Historically rich in wildlife, the area in and around Igloolik is scattered with many archaeological sites that indicate the land there has been in use for over 4000 years. Iglulik means “place of igloos” in Inuktitut. William Parry recorded the first European contact with the local Inuit, called Iglulingmiut, in 1822, when he overwintered there during his bid to find the Northwest Passage. Charles Francis Hall travelled through the area in 1867 and 1868 during his expedition to find evidence or remains of the ill-fated Franklin expedition. A prospector, Alfred Tremblay, followed in 1913, and Danish explorer Knud Rasmussen in 1921. The Roman Catholic Church arrived in what is now Igloolik to establish a mission in 1930, with the Hudson’s Bay Company establishing a post in the community shortly afterward.
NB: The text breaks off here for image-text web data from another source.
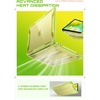 image:imageSUPCASE for MacBook Neo Case 13 Inch 2026 Unicorn Beetle Model A3404 A18 Pro Chip Heavy Duty Rugged MilitaryGrade Protection AntiScratch Hard Shell Protective Cover for MacBook Neo 13 IndigoCitrus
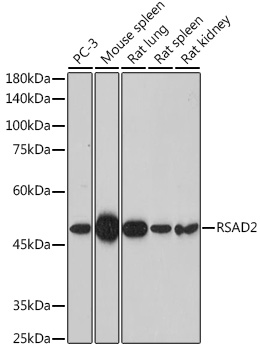 RSAD2 Rabbit polyclonal antibody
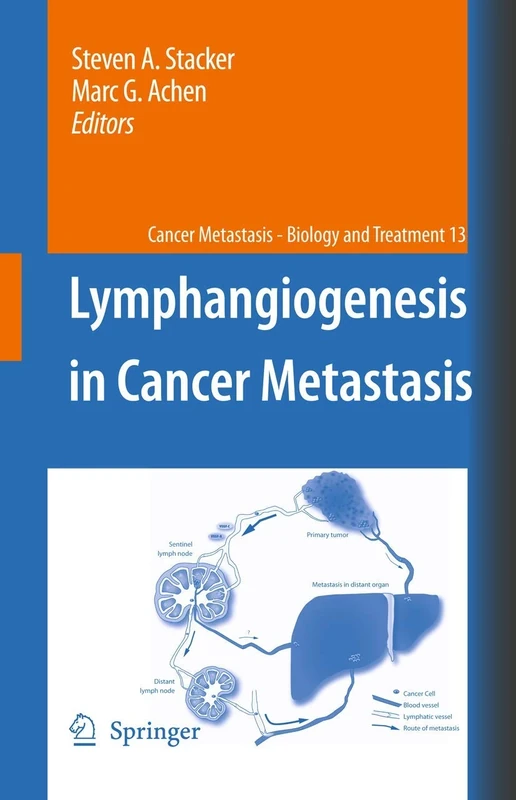 Lymphangiogenesis in Cancer Metastasis: 13 (Cancer Metastasis - Biology and Treatment, 13)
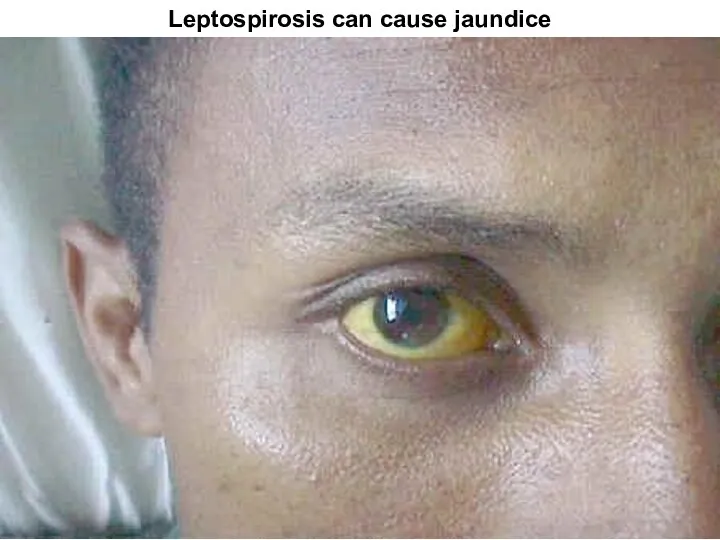 Leptospirosis can cause jaundice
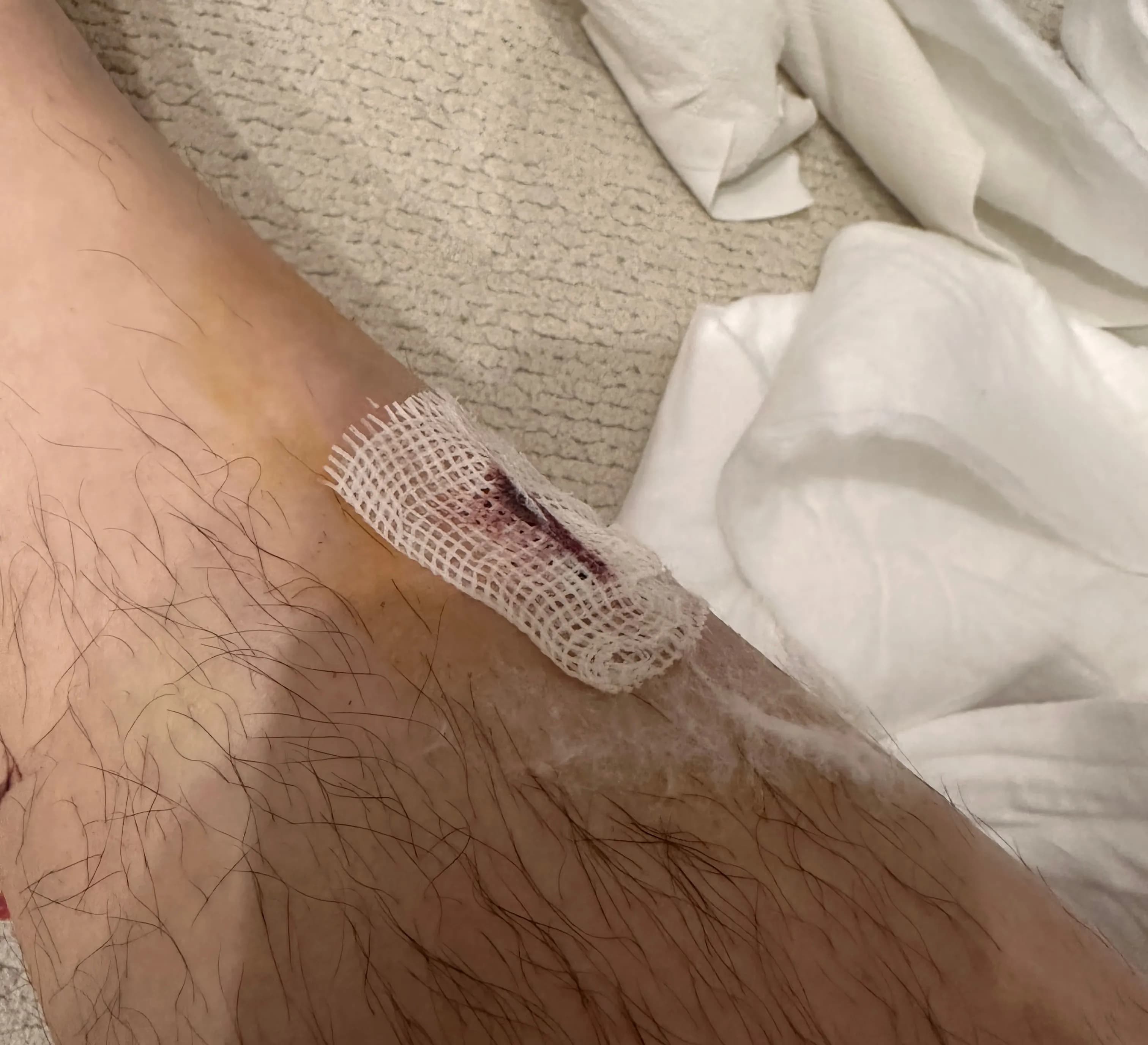 サンゲ・ベク病院救急外来の口コミ - 縫合の基準、ドレッシングの方法、縫った傷の回復期間-11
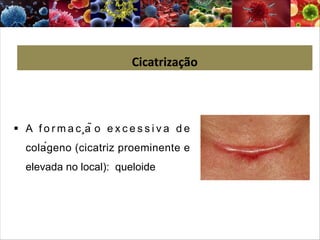 § A f o r m a c ̧ a ̃ o e x c e s s i v a d e
colágeno (cicatriz proeminente e
elevada no local): queloide
Cicatrização
 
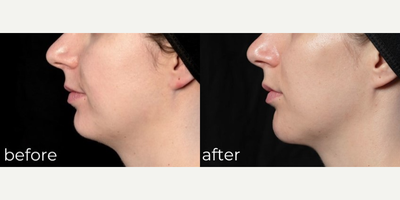 Juvederm before and after photo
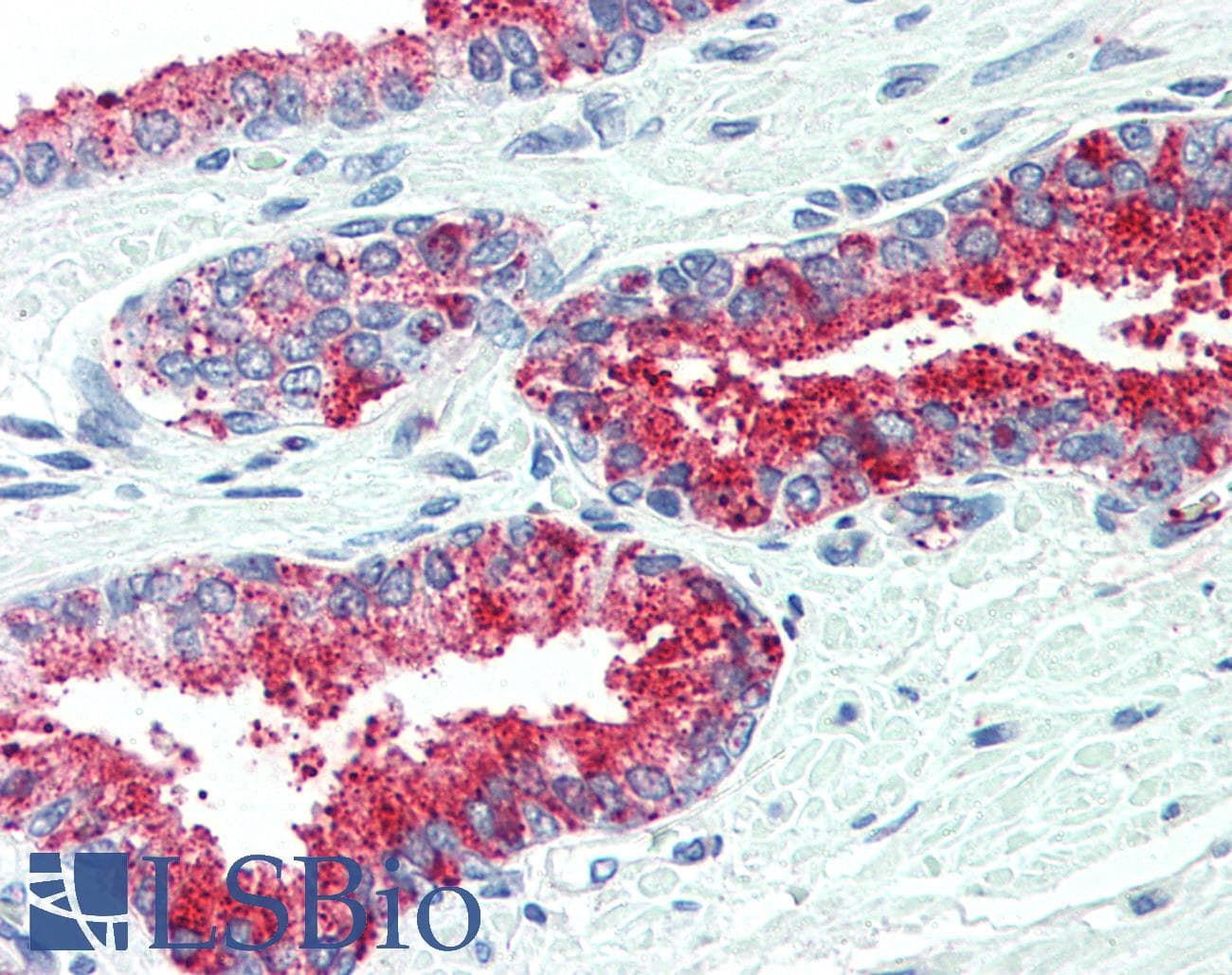 IHC-plus™ CDCP1 Antibody (Internal)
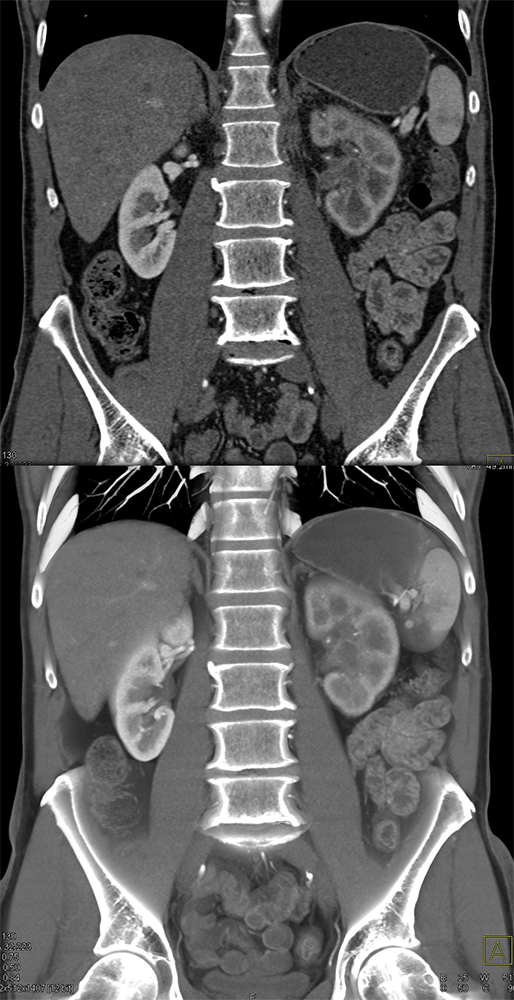 Transitional Cell Carcinoma of the Kidneys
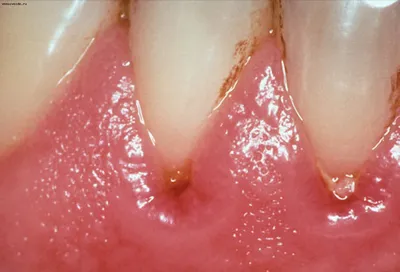Абсцесс зуба - симптомы, причины и виды лечения ДЕНТиК ЛЮКС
As with many communities in Nunavut, the late 1950s and early 1960s brought the increasing involvement of the Canadian government with the construction of a nursing station, a day school, and an RCMP post. The Anglican Church established a mission in 1959. Igloolik was an early adopter of the Co-op movement with the establishment of the Igloolik Co-op in 1963. In the 1970s, the federal government constructed three Arctic research centres in Inuvik, Igloolik and Iqaluit. These facilities became major bases for arctic research and community engagement. Igloolik has continued to grow and is one of the communities with decentralized offices of the Government of Nunavut, with major territorial departmental presence.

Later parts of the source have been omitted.